§ **Available data**:
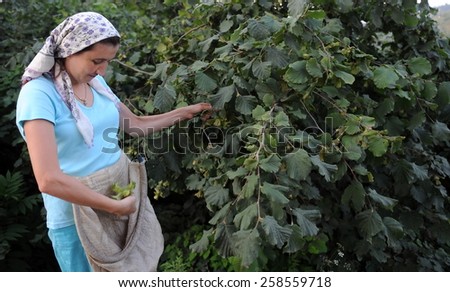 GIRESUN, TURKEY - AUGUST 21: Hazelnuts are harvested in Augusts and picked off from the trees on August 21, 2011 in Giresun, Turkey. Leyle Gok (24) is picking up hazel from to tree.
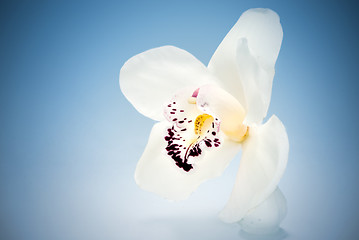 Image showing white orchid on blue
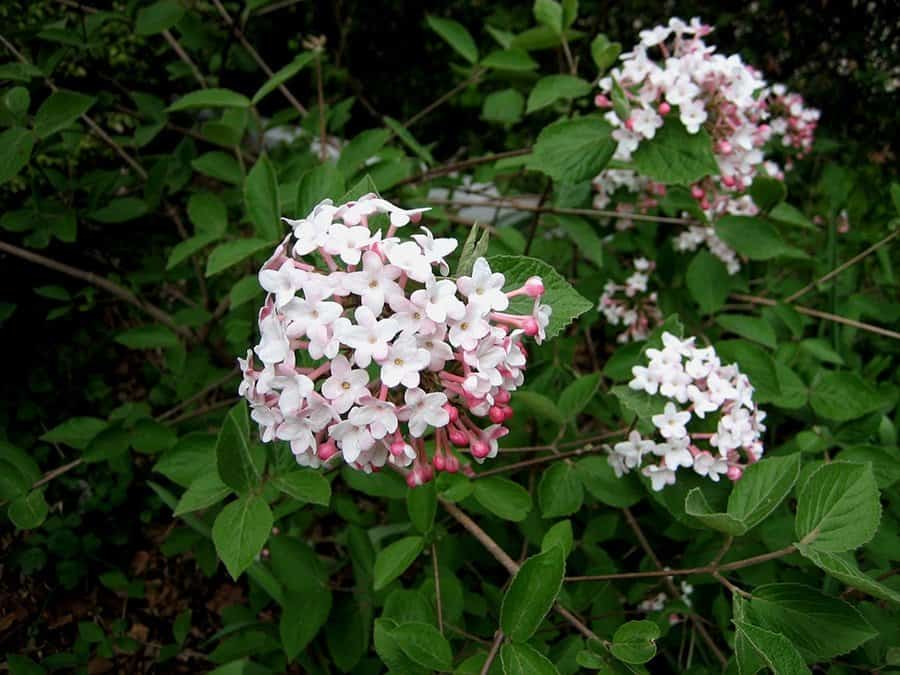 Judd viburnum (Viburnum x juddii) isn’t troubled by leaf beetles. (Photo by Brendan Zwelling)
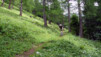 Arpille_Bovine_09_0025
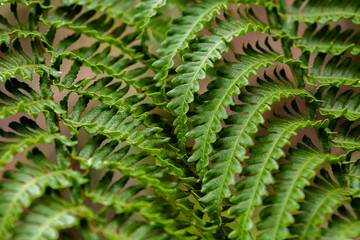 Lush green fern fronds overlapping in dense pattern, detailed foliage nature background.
--
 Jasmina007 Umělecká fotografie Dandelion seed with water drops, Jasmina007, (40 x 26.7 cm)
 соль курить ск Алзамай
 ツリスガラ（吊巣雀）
* * *
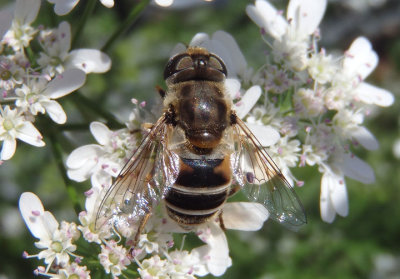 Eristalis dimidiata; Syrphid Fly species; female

§ **Assignment**: Leaving pictures out, output the lines of the data above from the one with "Arpille_Bovine_09_0025" through the one with "Lush green fern", word for word.

§ **Reply to the task**:
 Arpille_Bovine_09_0025
 Lush green fern fronds overlapping in dense pattern, detailed foliage nature background.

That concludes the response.